→ DATASET CONTENT:
******************************

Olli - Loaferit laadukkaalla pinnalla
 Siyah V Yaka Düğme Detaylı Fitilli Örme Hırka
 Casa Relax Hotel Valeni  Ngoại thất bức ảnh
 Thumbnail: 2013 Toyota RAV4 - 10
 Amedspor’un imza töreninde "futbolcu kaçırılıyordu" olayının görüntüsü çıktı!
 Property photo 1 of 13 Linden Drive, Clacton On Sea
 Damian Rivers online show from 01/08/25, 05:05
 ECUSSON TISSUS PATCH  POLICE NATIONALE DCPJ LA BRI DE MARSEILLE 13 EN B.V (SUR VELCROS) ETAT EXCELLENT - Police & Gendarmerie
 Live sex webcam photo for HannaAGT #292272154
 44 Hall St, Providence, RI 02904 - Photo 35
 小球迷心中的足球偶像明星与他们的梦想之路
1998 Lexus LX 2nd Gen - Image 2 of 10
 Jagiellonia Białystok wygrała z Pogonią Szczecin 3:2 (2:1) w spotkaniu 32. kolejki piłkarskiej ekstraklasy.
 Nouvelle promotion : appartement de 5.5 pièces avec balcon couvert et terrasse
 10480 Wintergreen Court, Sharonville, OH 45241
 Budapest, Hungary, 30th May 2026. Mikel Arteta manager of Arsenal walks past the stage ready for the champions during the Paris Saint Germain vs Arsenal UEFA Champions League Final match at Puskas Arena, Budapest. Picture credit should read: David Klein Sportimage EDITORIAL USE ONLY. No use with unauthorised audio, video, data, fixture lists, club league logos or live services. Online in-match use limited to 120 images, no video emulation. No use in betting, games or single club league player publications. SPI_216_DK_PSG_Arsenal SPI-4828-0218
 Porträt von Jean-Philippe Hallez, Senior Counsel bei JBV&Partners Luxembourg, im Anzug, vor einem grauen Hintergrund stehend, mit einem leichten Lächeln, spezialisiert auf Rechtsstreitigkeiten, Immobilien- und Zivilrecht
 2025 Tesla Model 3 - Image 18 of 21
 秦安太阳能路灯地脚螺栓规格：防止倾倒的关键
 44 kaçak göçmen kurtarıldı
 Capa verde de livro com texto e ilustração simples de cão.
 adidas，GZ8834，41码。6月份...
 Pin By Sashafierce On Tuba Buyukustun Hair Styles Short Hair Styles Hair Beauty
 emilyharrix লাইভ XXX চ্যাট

******************************

→ TASK DESCRIPTION:
Your answer should consist only of the lines above between the line holding "Thumbnail: 2013 Toyota RAV4 - 10" and the line holding "10480 Wintergreen Court, Sharonville, OH", inclusive, each transcribed exactly.

→ SOLUTION TO THIS EXERCISE:
 Thumbnail: 2013 Toyota RAV4 - 10
 Amedspor’un imza töreninde "futbolcu kaçırılıyordu" olayının görüntüsü çıktı!
 Property photo 1 of 13 Linden Drive, Clacton On Sea
 Damian Rivers online show from 01/08/25, 05:05
 ECUSSON TISSUS PATCH  POLICE NATIONALE DCPJ LA BRI DE MARSEILLE 13 EN B.V (SUR VELCROS) ETAT EXCELLENT - Police & Gendarmerie
 Live sex webcam photo for HannaAGT #292272154
 44 Hall St, Providence, RI 02904 - Photo 35
 小球迷心中的足球偶像明星与他们的梦想之路
1998 Lexus LX 2nd Gen - Image 2 of 10
 Jagiellonia Białystok wygrała z Pogonią Szczecin 3:2 (2:1) w spotkaniu 32. kolejki piłkarskiej ekstraklasy.
 Nouvelle promotion : appartement de 5.5 pièces avec balcon couvert et terrasse
 10480 Wintergreen Court, Sharonville, OH 45241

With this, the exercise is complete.